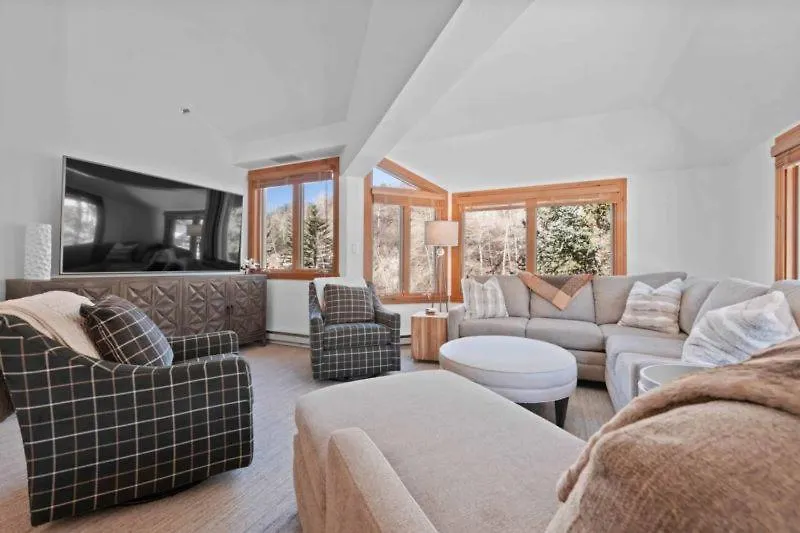 Kiva 436 By East West Hospitality Apartment Beaver Creek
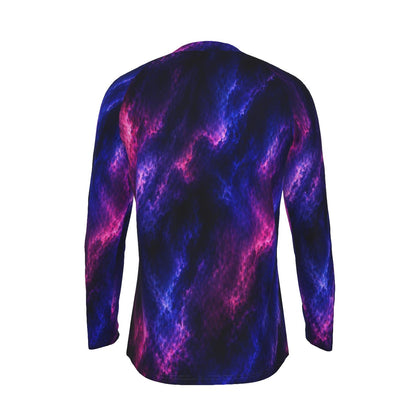 Men's Long Sleeve Tight surf clothing - view 2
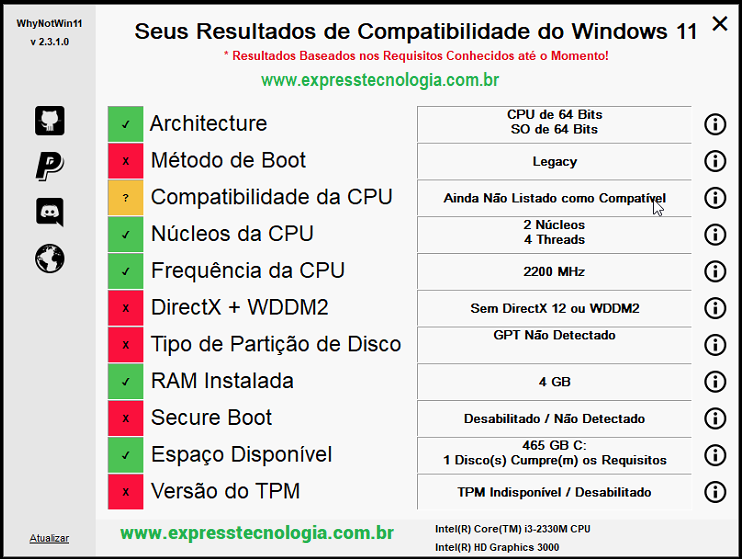 secure boot windows 11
────
Try it: Your task is to retype, exactly and only, the lines from the line holding "Men's Long Sleeve" through the final line of the data above, with both ends kept. Drop the pictures.

Exercise response:
 Men's Long Sleeve Tight surf clothing - view 2
 secure boot windows 11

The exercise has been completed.